A. — C’est-à-dire un niveau déterminé, avec un nombre d’élèves déterminé, avec un professeur déterminé.
Ah! Et alors c’est la méthode d’enseigner du professeur qui va changer, mais il enseignera un sujet spécial à des élèves spéciaux...
A. — ... qui seront obligés de venir à ce moment-là.
Oui, oui. Ça, c’est bien. Ça peut aller. Seulement, ça veut dire qu’il faut... Mais qu’est-ce que vous enseignez à ce moment-là ? Les langues?
A. — Essentiellement les langues, oui, Mère.
Ah! c’est seulement pour les langues.
A. — C’est seulement pour les langues.
Ça, je comprends. Et alors il y aura combien de langues pour ces cent cinquante élèves?
B. — En principe trois : anglais, français, et leur langue maternelle.
Ah! mais ça fait beaucoup! Il y a bengali, goujérati, hindi, et puis tamoul, télougou. Ça fait déjà cinq.
B. — Sanskrit!
Ça, ce n’est pas... Ça, tout le monde devrait l’apprendre. Surtout tout le monde qui travaille ici devrait l’apprendre... pas le sanskrit des érudits... Tous, tous, quel que soit leur lieu de naissance.

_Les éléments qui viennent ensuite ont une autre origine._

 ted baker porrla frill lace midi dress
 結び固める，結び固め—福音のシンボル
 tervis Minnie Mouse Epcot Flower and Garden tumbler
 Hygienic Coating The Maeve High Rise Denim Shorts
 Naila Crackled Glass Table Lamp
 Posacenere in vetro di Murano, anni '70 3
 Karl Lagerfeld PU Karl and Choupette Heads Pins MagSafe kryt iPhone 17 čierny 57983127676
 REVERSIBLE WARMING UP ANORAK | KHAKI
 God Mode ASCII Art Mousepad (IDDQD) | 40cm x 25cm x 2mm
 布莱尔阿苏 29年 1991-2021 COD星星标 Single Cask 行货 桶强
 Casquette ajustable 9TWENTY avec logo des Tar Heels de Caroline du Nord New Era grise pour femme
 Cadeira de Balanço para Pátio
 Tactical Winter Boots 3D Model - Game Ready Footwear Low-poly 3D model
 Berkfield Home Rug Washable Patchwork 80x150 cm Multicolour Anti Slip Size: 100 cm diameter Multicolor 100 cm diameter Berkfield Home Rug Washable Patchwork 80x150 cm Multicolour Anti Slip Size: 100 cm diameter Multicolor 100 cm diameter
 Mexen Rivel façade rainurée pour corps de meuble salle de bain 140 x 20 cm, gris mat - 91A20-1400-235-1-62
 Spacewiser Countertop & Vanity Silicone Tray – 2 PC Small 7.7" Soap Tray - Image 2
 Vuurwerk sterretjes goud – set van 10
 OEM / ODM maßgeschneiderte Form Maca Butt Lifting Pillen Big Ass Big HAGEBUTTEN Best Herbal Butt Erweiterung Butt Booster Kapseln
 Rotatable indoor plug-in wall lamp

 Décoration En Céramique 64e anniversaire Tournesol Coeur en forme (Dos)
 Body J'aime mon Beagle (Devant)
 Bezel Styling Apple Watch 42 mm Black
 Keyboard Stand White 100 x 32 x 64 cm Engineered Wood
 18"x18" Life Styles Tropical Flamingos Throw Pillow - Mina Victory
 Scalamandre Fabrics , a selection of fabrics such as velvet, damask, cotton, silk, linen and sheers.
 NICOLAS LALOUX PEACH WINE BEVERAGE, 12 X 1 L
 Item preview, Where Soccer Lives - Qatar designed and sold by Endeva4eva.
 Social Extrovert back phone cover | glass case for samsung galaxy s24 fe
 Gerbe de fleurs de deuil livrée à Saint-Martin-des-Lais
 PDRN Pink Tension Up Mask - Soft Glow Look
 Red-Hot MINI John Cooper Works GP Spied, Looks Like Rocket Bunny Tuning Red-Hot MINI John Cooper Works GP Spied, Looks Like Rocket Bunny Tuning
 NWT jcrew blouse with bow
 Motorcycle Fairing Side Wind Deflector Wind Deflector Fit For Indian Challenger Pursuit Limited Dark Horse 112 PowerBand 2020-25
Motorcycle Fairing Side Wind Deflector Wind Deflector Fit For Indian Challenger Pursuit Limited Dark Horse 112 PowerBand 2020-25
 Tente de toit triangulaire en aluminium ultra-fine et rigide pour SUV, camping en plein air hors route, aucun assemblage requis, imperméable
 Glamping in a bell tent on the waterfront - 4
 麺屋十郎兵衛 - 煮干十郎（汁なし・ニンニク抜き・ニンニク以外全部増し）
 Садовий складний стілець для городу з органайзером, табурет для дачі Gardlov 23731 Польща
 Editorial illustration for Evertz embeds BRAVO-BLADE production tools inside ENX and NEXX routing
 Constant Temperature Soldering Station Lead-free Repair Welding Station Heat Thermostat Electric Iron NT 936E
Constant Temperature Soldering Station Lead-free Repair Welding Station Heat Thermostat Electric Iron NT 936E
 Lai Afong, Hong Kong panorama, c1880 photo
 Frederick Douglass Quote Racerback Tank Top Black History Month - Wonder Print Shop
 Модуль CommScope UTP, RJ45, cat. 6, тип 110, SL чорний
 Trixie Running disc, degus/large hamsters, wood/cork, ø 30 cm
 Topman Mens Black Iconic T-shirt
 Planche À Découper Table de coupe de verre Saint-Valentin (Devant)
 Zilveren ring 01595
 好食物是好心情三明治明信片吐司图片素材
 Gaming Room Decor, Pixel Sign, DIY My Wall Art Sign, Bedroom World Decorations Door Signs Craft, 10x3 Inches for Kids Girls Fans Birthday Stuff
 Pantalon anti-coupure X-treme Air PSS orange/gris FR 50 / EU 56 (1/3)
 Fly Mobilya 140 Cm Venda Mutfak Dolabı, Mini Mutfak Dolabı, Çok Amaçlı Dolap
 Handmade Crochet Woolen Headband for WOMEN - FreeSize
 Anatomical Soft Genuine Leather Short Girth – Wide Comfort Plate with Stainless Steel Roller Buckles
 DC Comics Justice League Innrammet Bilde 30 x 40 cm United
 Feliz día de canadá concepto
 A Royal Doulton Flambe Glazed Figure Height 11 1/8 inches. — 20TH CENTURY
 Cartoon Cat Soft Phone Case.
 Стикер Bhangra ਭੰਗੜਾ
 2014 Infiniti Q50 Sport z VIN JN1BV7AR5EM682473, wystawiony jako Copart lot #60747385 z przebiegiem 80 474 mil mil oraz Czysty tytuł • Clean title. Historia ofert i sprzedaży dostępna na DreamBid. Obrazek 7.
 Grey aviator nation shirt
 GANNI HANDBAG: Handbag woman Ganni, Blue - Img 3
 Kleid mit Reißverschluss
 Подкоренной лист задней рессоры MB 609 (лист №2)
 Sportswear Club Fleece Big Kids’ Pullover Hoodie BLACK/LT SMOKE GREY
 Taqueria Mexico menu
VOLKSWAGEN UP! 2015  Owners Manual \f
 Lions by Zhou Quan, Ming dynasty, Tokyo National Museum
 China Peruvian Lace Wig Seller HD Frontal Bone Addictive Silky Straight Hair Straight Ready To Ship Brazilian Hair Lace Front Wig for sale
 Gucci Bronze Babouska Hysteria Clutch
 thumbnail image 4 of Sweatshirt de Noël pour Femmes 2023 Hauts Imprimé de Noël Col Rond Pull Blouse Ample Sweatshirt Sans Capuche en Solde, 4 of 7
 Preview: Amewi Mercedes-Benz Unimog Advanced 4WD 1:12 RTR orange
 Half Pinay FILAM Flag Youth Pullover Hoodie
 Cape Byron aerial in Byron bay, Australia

A. — En principe, Mère, c’est la chose à laquelle nous pensons. L’année prochaine, faire faire du sanskrit à tous les enfants, plus leur langue maternelle.
Oui. Pas le sanskrit sur le plan de l’érudition, mais le sanskrit, un sanskrit... comment dire... qui ouvre la porte à toutes les langues de l’Inde. Je crois que c’est indispensable. L’idéal serait, dans quelques années, que la langue représentative de l’Inde soit un sanskrit rajeuni, c’est-à-dire un sanskrit parlé de façon à ce que... on retrouve le sanskrit derrière toutes les langues de l’Inde, et que ce soit ça. C’était une idée de Sri Aurobindo, quand nous avions parlé de cela. Parce que, n’est-ce pas, maintenant, c’est l’anglais qui est la langue de tout le pays; mais c’est anormal. C’est très bon pour faciliter les relations avec le reste du monde, mais de même que chaque pays a sa propre langue, il faudrait que... Et alors ici, dès que l’on commence à vouloir une langue du pays, tout le monde se met à se disputer. Chacun veut que ce soit la sienne, ce qui est idiot. Mais le sanskrit, personne n’aurait rien à dire, et c’est une langue plus ancienne que les autres et où il y a les sons, n’est-ce pas, les sons-racines de beaucoup de mots.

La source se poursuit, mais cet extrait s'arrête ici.